奢り(2)
リシアの猫っ毛とは似ても似つかない、暗い色の直毛をセリアンスロープは繁々と眺める。楽しげでもなく、寧ろ無感情な目がどこか不気味だった。
「……同族かな」
不意に呟いた言葉が、迷宮内での出来事を思い起こさせる。一人、毛の主に心当たりがあった。
「あ」
小さく声を漏らすと、ケインの目が奇妙な光を帯びた。ドレイクのそれよりも幾分か細い瞳孔に気圧され、息を飲む。そんなリシアに、優しく代表は声をかけた。
「妙なのに絡まれたりしたのかい」
「絡まれてはいないし寧ろお世話になったけど、今日、迷宮でセリアンスロープにあった」
「どんな姿だったかは、覚えているかな。服装とか形質とか」
「えっと、尻尾がすごく……ふかふか」
それまで静かに隅の卓で食事を取っていたハロが、突如吹き出した。
リシアの「感想」に耳を傾けていたのだろうか。思わず頬が上気してしまう。
「そこぉ?ていうか、触らせてくれたんだ」
「顔に当たっただけ!こう、振り向いたらたまたま」
「デカい尻尾だったな。顔は覆面で見えなかったがガタイも良かったし、多分男か。ちょっとこの辺りでは見かけない服装だったんじゃないか」
けらけらと笑いながら、デーナはリシアに代わって更に詳しくセリアンスロープの風貌を告げる。異国の冒険者の特徴が挙げられるたび、ケインの眉尻が下がっていった。
「そうか」
ただ事ではない雰囲気を感じ取り、リシアは一旦口を閉ざす。暫し毛を見つめていたケインは、静かに溜息をついた。
「狸だ」
「タヌキ?」
「その、女学生達が出会ったセリアンスロープだよ。フェアリーと同じで、セリアンスロープにも何種族かいるんだ。大体、四種類ぐらいかな」
赤銅色の耳がせわしなく動く。
「各種各国各集団で色んな呼び方があるが、私のような形質はキツネと呼ばれる事が多い。で、件の尻尾がふかふかしているセリアンスロープはおそらくタヌキだ。多分、この二種がセリアンスロープ内でも大きな集団なんじゃないかな。冒険者界隈でも殆どこのどちらかだ」
ふらりと椅子の下で揺れた尻尾に思わず目を落とす。迷宮で出会ったセリアンスロープのものよりも細身だ。ただ、その視点はケインの話を聞いて生じたものだ。以前のリシアなら、尻尾の太さが個人差なのか種族差なのか判別がつかなかったはずだ。

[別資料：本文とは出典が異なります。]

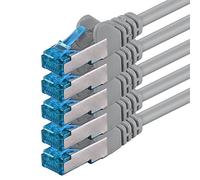 3 meter - CAT6a - network cable gray - 5 pieces CAT 6 A patch cable 10000 Mbit s SFTP PIMF 500 MHz compatible with CAT5 CAT6 CAT7 DSL Internet Switch Router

「私は一目で見分けがつくが、他種族にとっては尻尾や耳の違いなんて些細なものなんだろうな」
ぽつりとケインが溢す。多分その言葉はセリアンスロープだけに当てはまったことではないのだろう。
「まあ、身体的な特徴も色々あるが、一番違うのはまやかしの系統かな」
「まやかしにも違いがあるの?」
「集団や種族の文化によって、どんなまやかしを重視しているか差異がある。それで不思議と、得意不得意が出てくるんだ。修行したら多少は他所のまやかしも使えるようになるけどね」
そうしておもむろに、指輪を何個も重ね付けした人差し指で杯の縁を小突いた。硬質な音が響き、リシアは杯に注目する。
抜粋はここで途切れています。